Why Millennials Are a Perfect Fit for Startups

An edited version of this blog was posted to Entrepreneur here.

IMHO. Everyone, it seems, has an opinion about Millennials. Last summer, I chipped in when I wrote a post claiming that recent college graduates are pretty clueless. And while that might be true, I’ve spent a lot of time on college campuses in the last year and have learned something else: they worry too much.

Truthfully, they have a lot to worry about. Today’s young person carries all the baggage of previous generations: a desire to please their parents, societal expectations and the pressure to get a job. However, there’s more (a lot more). The average college graduate carries nearly $30,000 in student loan debt. That’s 10 percent higher than just one year ago. And it is increasingly harder to get the job that will help you pay off those loans. Your parents competed with the kid sitting at the next desk for a job. Millennials are competing with the 300 million Chinese who are learning to speak English right now. They are up against billions of PHDs – Poor, Hungry and Driven — from across the globe that have never heard the word “weekend.” Add to the mix that today’s young people have an intrinsic drive to contribute, not just work, and it’s no surprise that Millennials on average report higher stress levels than any other demographic group.

CTFO. While Millennials have a lot more to worry about than your parents did at their age, there are advantages to entering the professional world of the twenty-first century. My father worked for 35 years for two companies. For his generation, the road to success was linear and well defined. Within a static framework, the winners were those that understood and stayed within the rules. One mistake, one wrong move, and your progress stalled. Playing it safe and working within the system was how you received your reward over time. Today, the rules of the game change constantly. Technologies, industries and competition change in the blink of an eye. Who heard of Uber or Bitcoin just a couple of years ago? These are just a few examples of new technologies that are disrupting markets, entire economies even. The linear career path of generations passed looks more like a corkscrew today. As a result, Millennials can take career risks that our parents would never had considered, iterating and redirecting multiple times along the way. That’s why all young people should seriously consider working for a startup.

Startups Want What You’ve Got. Growing up in this constantly changing world has produced in a generation of rapid leaners. Access to vast amounts of information (anytime, anywhere) can turn a novice into a relative expert in a matter of weeks, not years. Online resources like Khan Academy and code boot camps like Launch Academy are turning English teachers into ruby or mobile app developers. Your ability to adapt is your greatest asset.

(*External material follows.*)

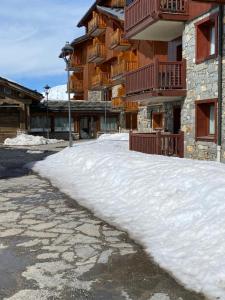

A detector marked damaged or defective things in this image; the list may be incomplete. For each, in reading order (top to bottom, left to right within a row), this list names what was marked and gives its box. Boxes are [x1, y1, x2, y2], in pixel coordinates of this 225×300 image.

cracked pavement [0, 148, 205, 300]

It is also the single, most necessary characteristic for succeeding in a startup.

TL; DR. This blog is probably being read on a 4-inch screen, so I’ll keep this one brief. Your short attention span is ready-made for the pace of change at startups. Your job today, if you’re good, will be dramatically different in a few months.

Independence, Innovation and Impact. According to Deloitte’s 2014 Millennial Survey, young people expect more from their work than any previous generation. While larger, established employers have struggled to provide the three “I’s”, startups require their employees to work independently, create innovative solutions and produce immediate impact.

#YOLO. Yes, you have college loans to repay. However, you likely don’t have a mortgage, kids or a 401K to worry about (yet). You can take a chance. What’s more, the experiences you’ll gain at a startup will help you succeed even if you later decide to join a more corporate environment.

Truth be told, large corporations value these characteristics as much as startups. They’ve finally learned that they must adapt or face certain failure (even Millennials are old enough to remember Blockbuster, newspapers or Motorola). I’m on my ninth job in 16 years and have made at least one distinct career pivot. I’ve made tons of mistakes and learned from everyone. Twenty years ago, I would be have been labeled a flake, a job-hopper. However, through that journey, I’ve learned and adapted my way to a rewarding career that I love. There are many paths to happiness, but all of them start with that first step. Whatever path you choose, spend less time worrying and get out there and break things.